I have a question: Anyone ever do a working student live-in job before?

There is a postion I'm looking into that I found on HorseJobs.ca working with at Sandridge Stables. Basic grooming, riding, barn chores and maintance. It sounds super good. I wont get paid but I will be working with a top trainer/rider. Working with horses is something I would love to do. I will also get to be able to board 1 horse there. So Murray can come with me. I'm wondering if this is really worth it.


----------



## PaintsPwn (Dec 29, 2009)

It depends on the people running it, just expect to be treated like a slave, overworked and underpaid, and you'll be fine.

I went to one if Florida. It was a bust. I went to one in Wisconsin, and it was a lot of fun! Except for having to climb four stories of stairs four times per day.. That was the only epic fail part of it.


----------



## smartchic (Jan 27, 2010)

I have worked for many different top trainers. After completing my associates degree in horse training and stable management i took and internship/student position with John Dean.

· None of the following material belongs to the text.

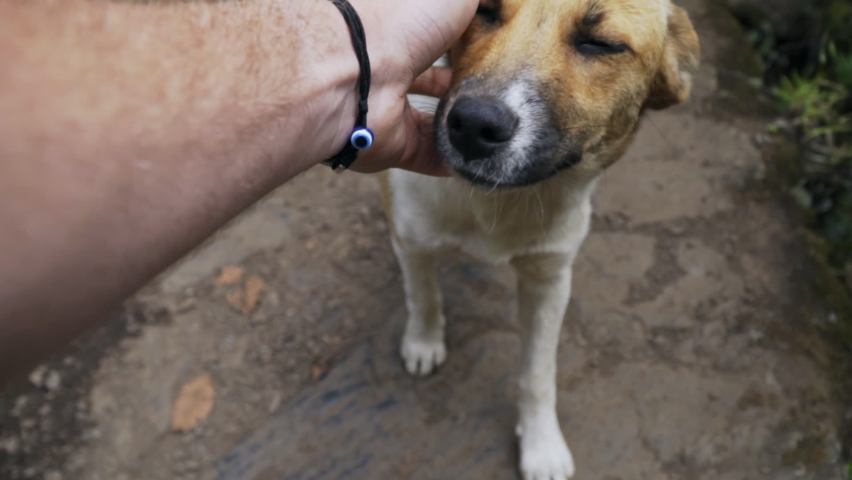 Close up first person POV of happy stray dog being pet, slow motion Royalty-Free Stock Footage #1083212647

John paid me $100/wk. Some pay, some don't. It depends on your needs and expierience. If you are serious about starting a career with horses, you need to start at the bottom. I have mucked my fair share of horse stalls and was the go getter. I worked my way up to a job with a trainer that paid me $2100/month. It is a hard life style and dedication is your unlitimate priority. If not, your wasting your time, because there are plenty of other people out there that are competing for the same position. You will work 6 days a week, 10-12 hours a day(depending on the type of trainer,operation) The horse industry is in constant struggle...but is also very rewarding in many areas. If your not getting paid, make sure they spend some amount of time teaching you something in return...thats the only way its worth it. Take something with you....not just the expierience...knowledge to get you further.


----------



## Beau Baby (Oct 28, 2008)

I ride at Sandridge Stables and yes it is worth it. I've been there for about 2 years and though I'm not a working student and just a student I have loved the experiance. I have become friends with 2-3 of the working students and they'd probably tell you it is worth it. Tricia can be a hard *** but you learn so much from her and she can definitely be fun and helpful. Plus the horses at Sandridge are fun to work with.


----------